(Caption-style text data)
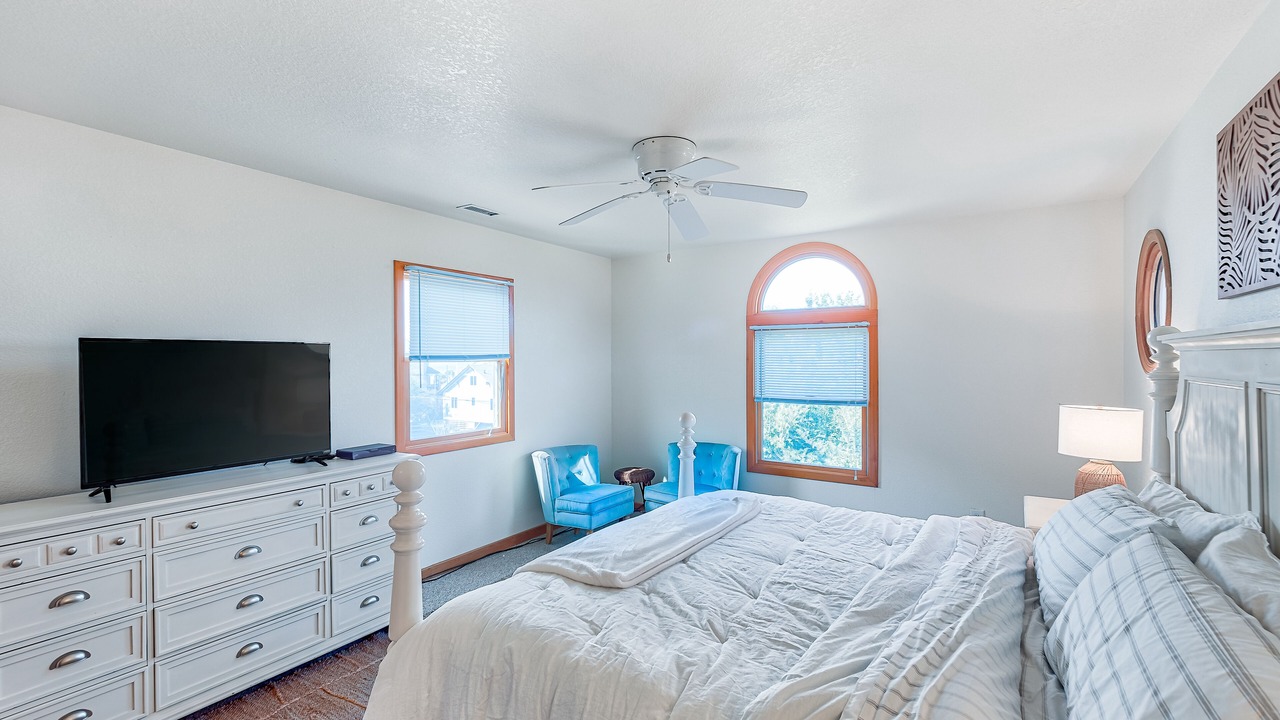 Photo of Bedroom in Brigands' Bay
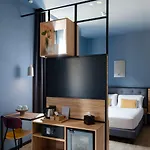 Hotel The Poet 4*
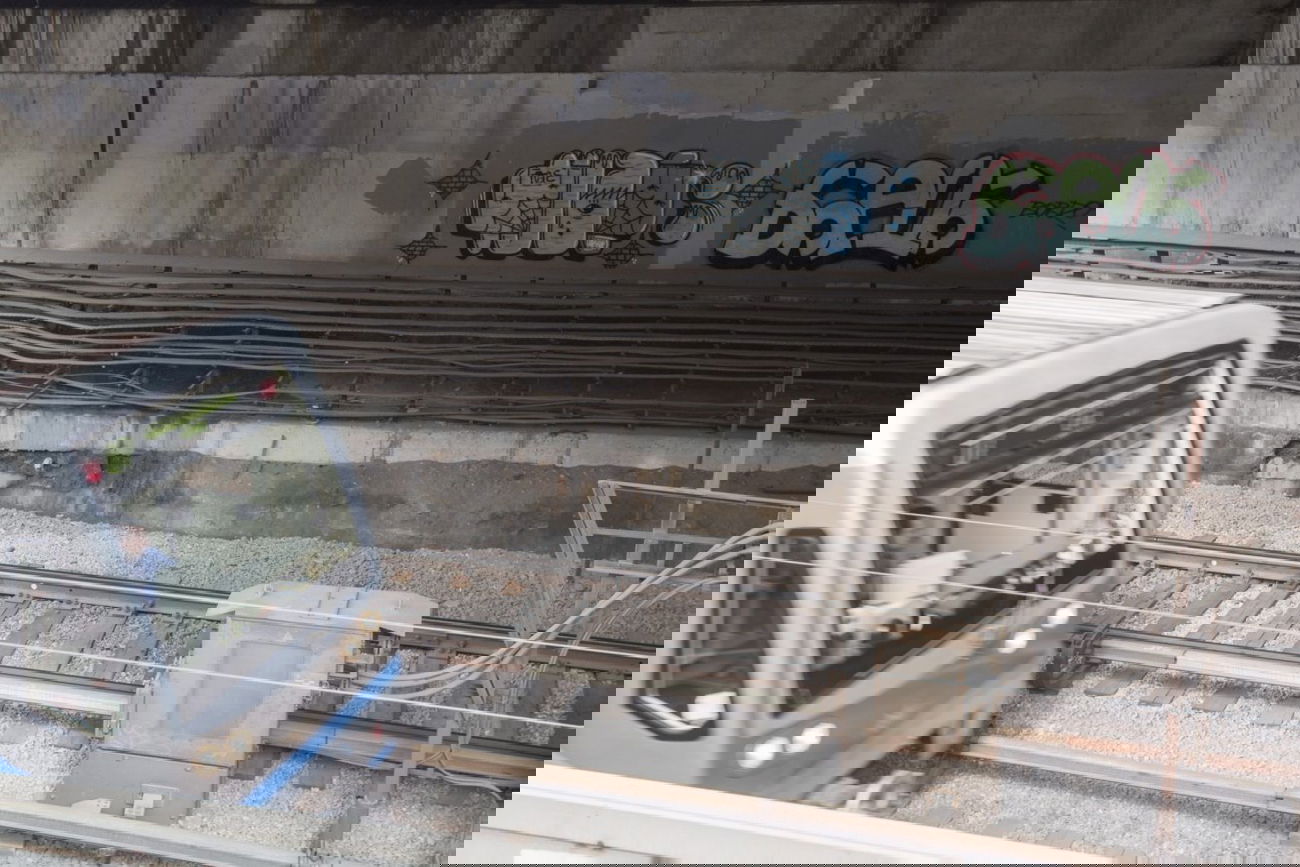 Graffiti Bombing in Moskva - Photo by tvae - Tvae, Bordo, Line (2015)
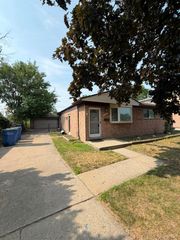 13618 Irene Court, Warren, MI 48088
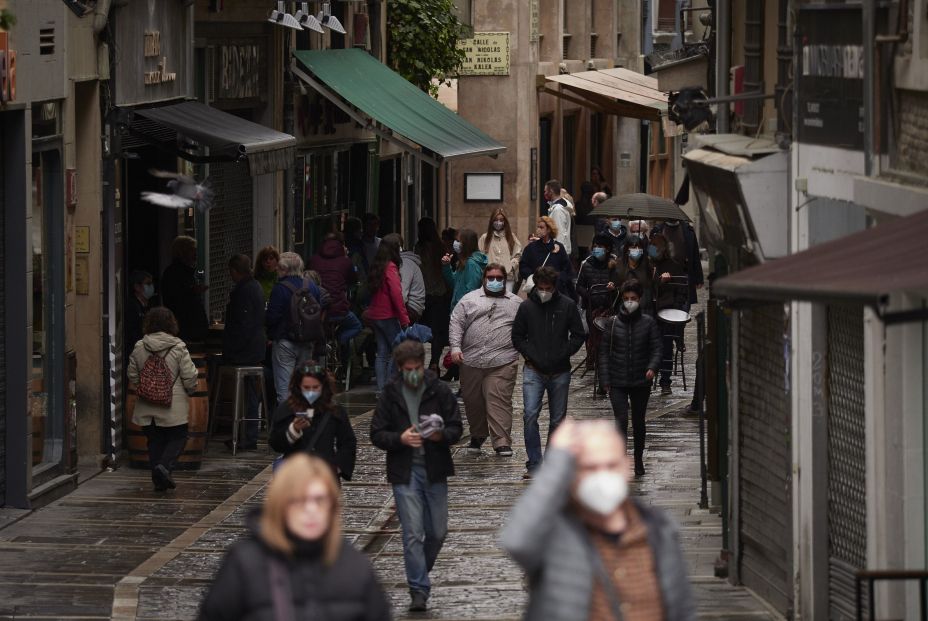 Los neumólogos piden a Illa que cambie el BOE: "Los enfermos respiratorios deben llevar mascarilla"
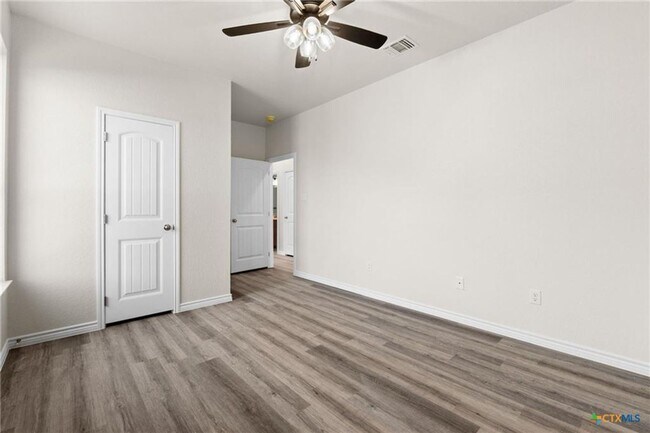 Building Photo - 122 Leon Ln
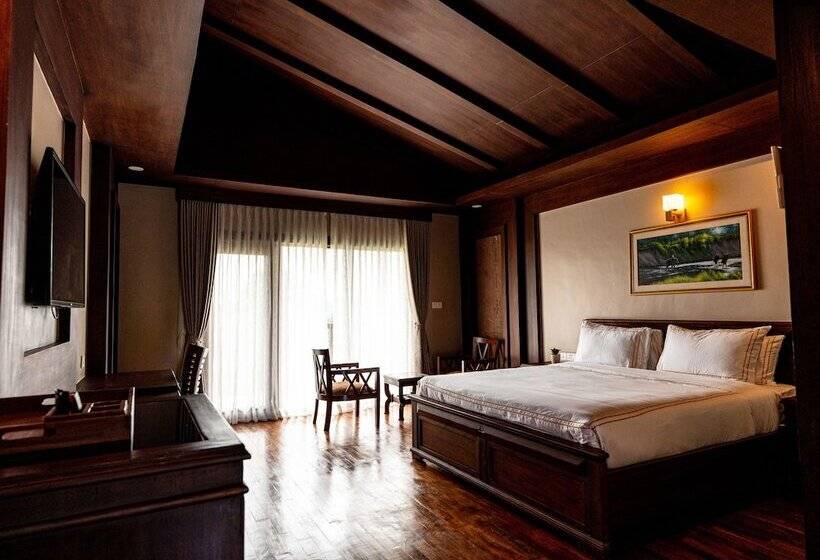 اتاق سوپریور, River Bank Jungle Resort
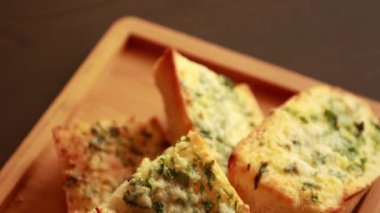 Taze pişmiş sarımsaklı ekmek - Yakın plan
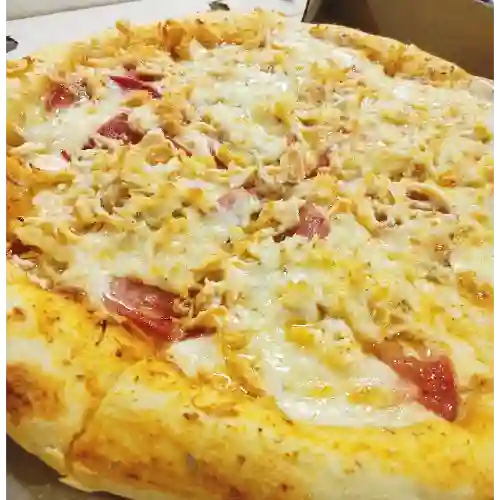 Pizza de Salami con Pollo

HOW TO COMPLETE THIS TASK
Return exactly, and only, the lines that run from the line containing "Hotel The Poet 4*" to the last line of the entries above, both ends included, with pictures left out.

SOLUTION TO THIS TASK
 Hotel The Poet 4*
 Graffiti Bombing in Moskva - Photo by tvae - Tvae, Bordo, Line (2015)
 13618 Irene Court, Warren, MI 48088
 Los neumólogos piden a Illa que cambie el BOE: "Los enfermos respiratorios deben llevar mascarilla"
 Building Photo - 122 Leon Ln
 اتاق سوپریور, River Bank Jungle Resort
 Taze pişmiş sarımsaklı ekmek - Yakın plan
 Pizza de Salami con Pollo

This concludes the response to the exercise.